A picture of Cheikh Amadou Bamba on a street corner
Despite the evidence of colonially imported Christianity in St Louis, in the form of an old catholic quarter and a cathedral, nearly all Senegalese are Muslim. In contrast to orthodox Islam, in which the direct connection between the believer and Allah is considered paramount, the practise of Muslim brotherhoods is dominant. Believers attach themselves to a brotherhood that follows the teachings of a "marabout", a religious teacher.

The most visible and powerful of these brotherhoods in Senegal are the Mourides. The picture of the founder, Cheikh Amadou Bamba, is omnipresent throughout Senegal. His veiled portrait is often hung indoors or can been seen daubed on walls, doors, boats or any other available surface. The Mouride hierarchy are an economic and political force in modern Senegal: they apparently control the lucrative business of peanut agriculture and it is often quoted that the word of the caliph, their leader, has the power to swing an election. More on the Mourides here.

The Baye Fall out collecting money
The Mourides rely on donations, which manifests itself on the streets in the form of two groups of people asking you for money. One group are vaguely comic, the followers of the Baye Fall, a sub-group of the Mouride brotherhood. Young men dressed in colourful, rasta-style clothes they walk through the town chanting to the beat of a drum in an effort to secure donations. There is a deep irony here. Baye Fall was formed by Bamba's most famous disciple, Ibra Fall, who considered hard manual labour to be the most appropriate means of showing his devotion to Allah. Most Senegalese I spoke to didn't have a great deal of time for these so-called followers who were doing anything but the honest day's toil that their founder prescribed.
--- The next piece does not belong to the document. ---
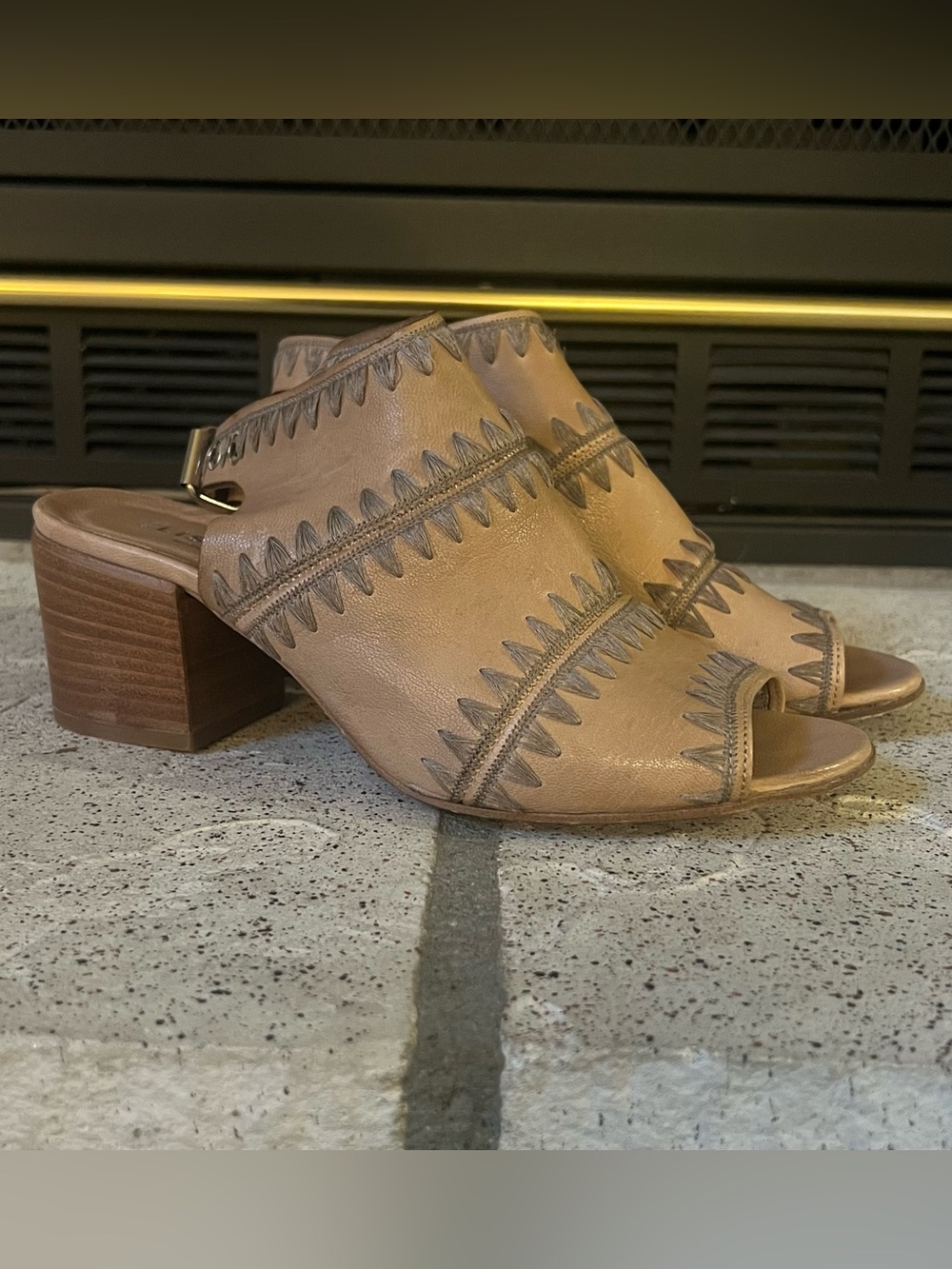 Elisa Lanci sling back peep toe heeled leather sandal made in Italy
News item on the talibe, in French.
The second plight of the other group asking you for money, the talibe children, is anything but comic. The term "talibe" can strictly be applied to any follower of a marabout, but it is commonly used to describe the children who are sent by their parents to live and study with one of these Islamic teachers. The children are sent to study the Koran, but they have to earn their keep by begging for money on the street. Largely children from poor rural parents, the hope is that they will receive a better education than they would at home, however there are frequent reports of them living in appalling conditions and being subject to exploitation at the hands of the marabouts. It is often suggested that they spend the vast majority of their time out on the street begging and precious little gaining the education they have been sent to receive. The children are also usually seen dressed in little more than rags. This could be because the marabouts genuinely can't afford to clothe them, or that they think deprivation helps form their character, or more cynically it could be because it provokes sympathy with the donating public, generating the marabouts more revenue.
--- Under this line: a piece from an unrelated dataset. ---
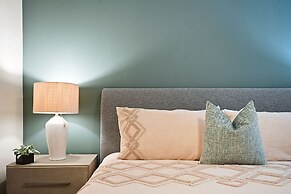 Home 9 Bed Themed Rooms Pool Storey Lake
Talibe child begging outside of the school
Beyond the exploitation that anyone would find objectionable I had other problems with this practice. To begin with I was uncomfortable with the children sitting outside of the secular state education system. Perhaps it is my capitalism Western perspective but I don't think that a strict Islamic education, involving learning large tracts of the Koran by rote, is what's required to prepare Senegalese youth for the new world economy. While I was told that the children could receive a very good education, often going on to study further at Arabic speaking universities in North Africa, children often also dropped out before completing their studies. This would leave them with the ability to recite the Koran but not much else.

However my objection went beyond this. I think the talibes' begging had an effect on the society at large. Children who were not talibe would very often ask you for money in the street, and at times would be quite cross with you if you didn't give anything. To a lesser extent the same attitude would extend to some adults, who saw no shame in asking a stranger for money. An easy position for someone in my fortunate background to adopt perhaps, but I found it very depressing to think they had adopted a mindset in which they would ask, or even demand, a handout from someone who has more than you.

While I was in Saint Louis I got to know Issa Kouyate who was working as one of the local staff at the Project Abroad office. He is now working full time to help the tabile at the Maison de la Gare, their website can be found here: http://mdgsl.com/.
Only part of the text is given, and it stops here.